After starring in On The Town as Chip, Texas-native Jay Armstrong Johnson is taking on the titular role in Harold Prince’s operetta Candide. Based on Voltaire’s novel, Candide follows an optimistic young man as he faces brutal trials and tribulations—but don’t worry, it’s a comedy. Candide was originally composed by Leonard Bernstein in 1956, but it became a mainstay under Harold Prince’s direction. Prince directed the Candide revival at the New York City Opera in 1982, and now at 88 years old, he’s bringing it back as the opera rebounds from bankruptcy. This newest revival will run from January 6 to January 15 and has already expanded its run from six shows to ten.
Standing centerstage for this historic New York City Opera production might seem daunting for some, but it seems like the next natural step in Johnson’s career. Performing alongside Broadway powerhouses like Audra McDonald, starring in his own cabaret show at Feinstein’s/54 Below and appearing as a recurring character in the TV show Quantico, Johnson seems prepared for any challenge.

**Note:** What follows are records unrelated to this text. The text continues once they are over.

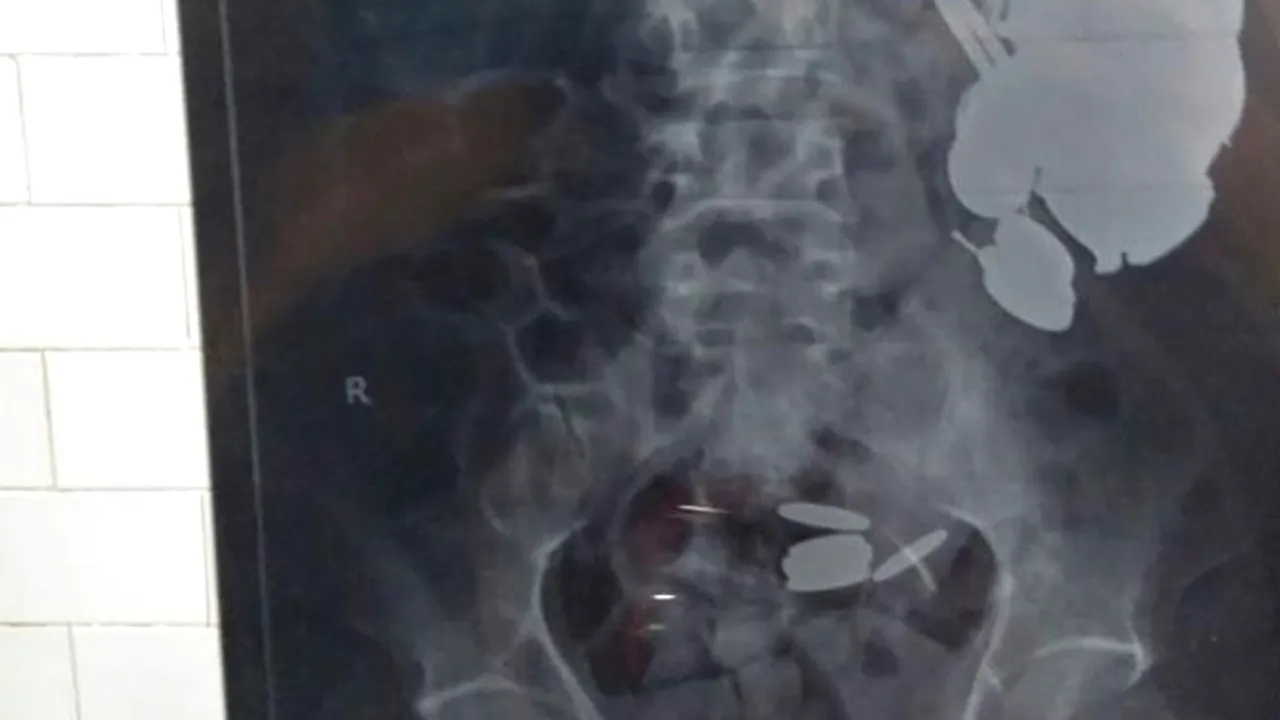 A mers la spital acuzând „dureri inimaginabile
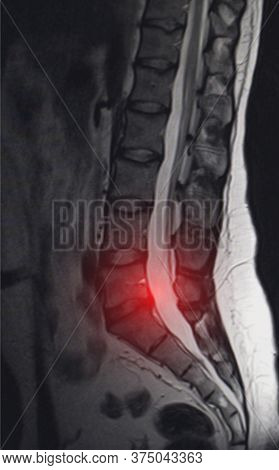 Image After Examination Of Magnetic Resonance Imaging. Spine Examination Concept, Otseochondrosis, L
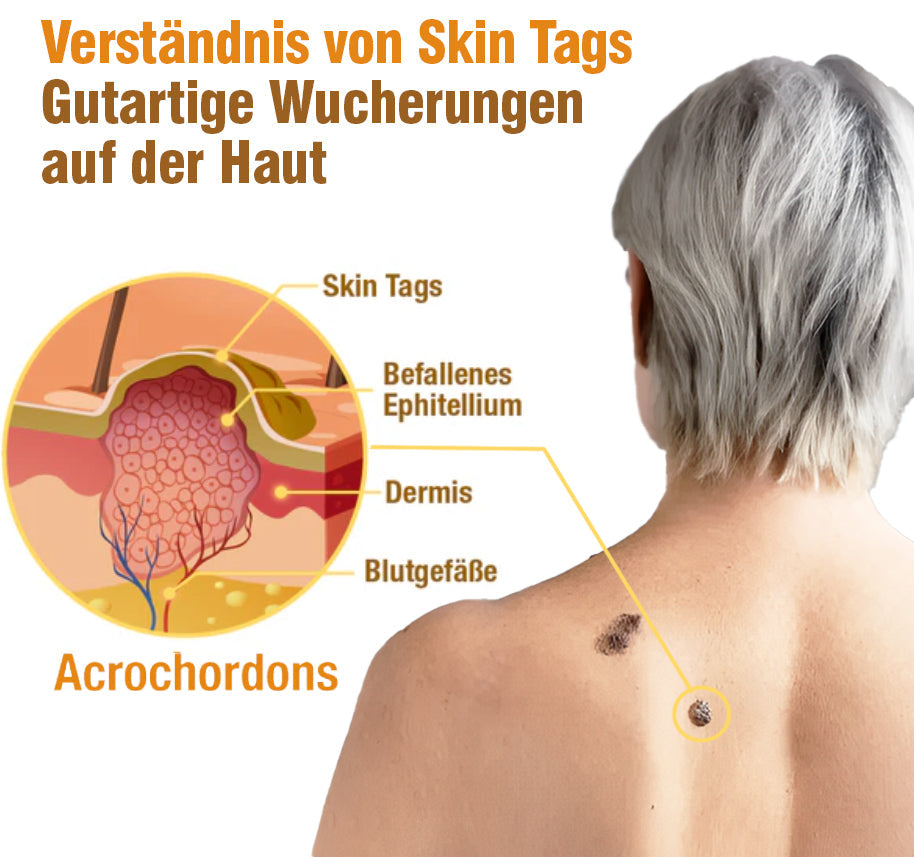 TagRecede Bee Gift Spray | Natural Skin Perfection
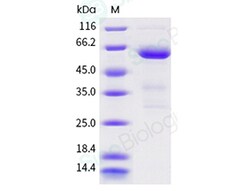 Sino Biological Recombinant Human 5'-nucleotidase/CD73/NT5E Protein (His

What are the differences between this operetta and Broadway theatre?
Johnson: It’s awesome just because the people I’m working with are living legends. Hal Prince and Pat Birch come from theatre, so the approach is very similar to a lot of Broadway shows I’ve done. I guess the biggest difference is the score. I’ve been working so terribly hard with my voice teacher to get up to par with these people that are literal opera singers. That’s been the biggest difference, trying to get my voice in shape.

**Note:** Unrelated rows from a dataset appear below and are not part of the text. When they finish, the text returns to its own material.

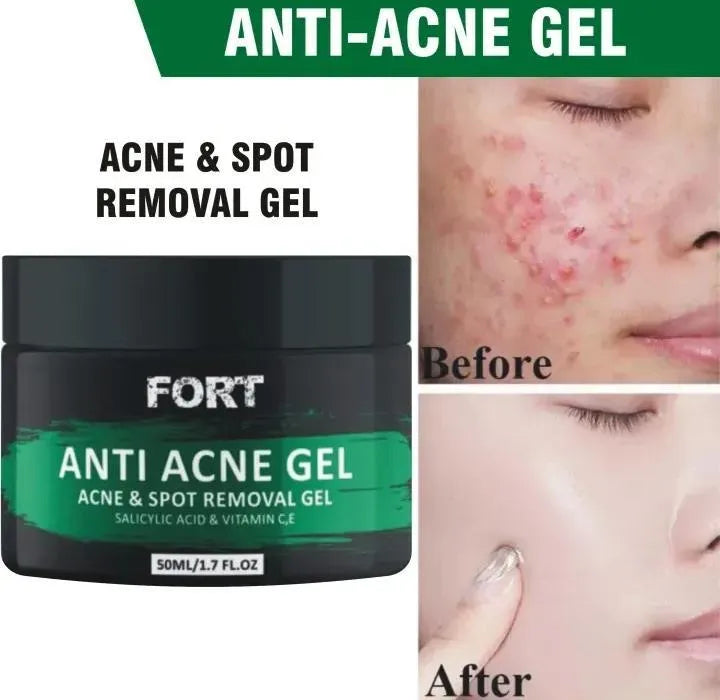 Acne Scar Removal Exfoliating Gel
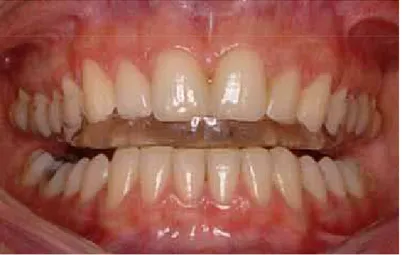 FIGURA 6 – Protrusão com desoclusão dos  dentes posteriores pelos dentes  anteriores. 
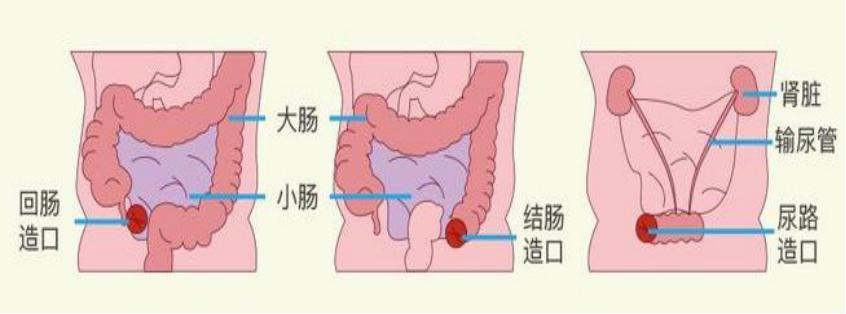 2,胃造口,肠造口,泌尿造口并发症的专业处理.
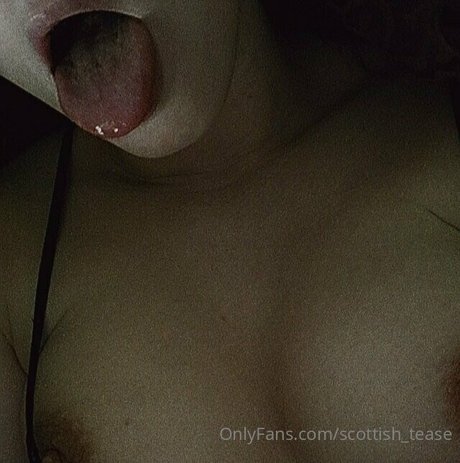 scottish tease star top photo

Paste: What song are you most excited to perform?
Johnson: Probably my very first tune in the show, which is called “This Must Be So.” It’s a really sweet, short ballad where Candide has gone through his first trouble in life. He’s convincing himself that the world must still be good and this must be happening for a divine purpose. It’s a really sweet sentiment.

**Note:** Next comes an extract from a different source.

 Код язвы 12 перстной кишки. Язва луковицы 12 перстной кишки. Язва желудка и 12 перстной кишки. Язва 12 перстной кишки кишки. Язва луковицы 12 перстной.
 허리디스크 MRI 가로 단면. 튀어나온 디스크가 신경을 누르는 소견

Paste: For Paste readers who aren’t familiar with Candide, who’s your character? How does he evolve throughout the course of the show?
Johnson: It’s based on the satire by Voltaire. It’s very much like Pippin if there are any musical theatre fans out there. Candide is a coming-of-age story. He runs the gamut of going through troubles in life. He really starts off as a student, learning and growing. Throughout the course of the show terrible, terrible things happen to him. It’s very satirical in nature, because all of these crazy things happen to Candide. He’s flogged, his love is raped, and she’s taken away from him multiple times. Yet there’s this character that keeps showing up saying “All is for the best.” How can that be for the best?
Candide really is a comedy, but Hal is doing an excellent job of reminding us where there are moments where we can really live truthfully and feel the depths of the pain.
When studying for it before the rehearsal process with the current political climate, I really do feel like the show is going to say something different than it said before in previous incarnations in terms of the fall of man and good vs. evil. It’s nice to be able to revisit it with new eyes and a new perspective.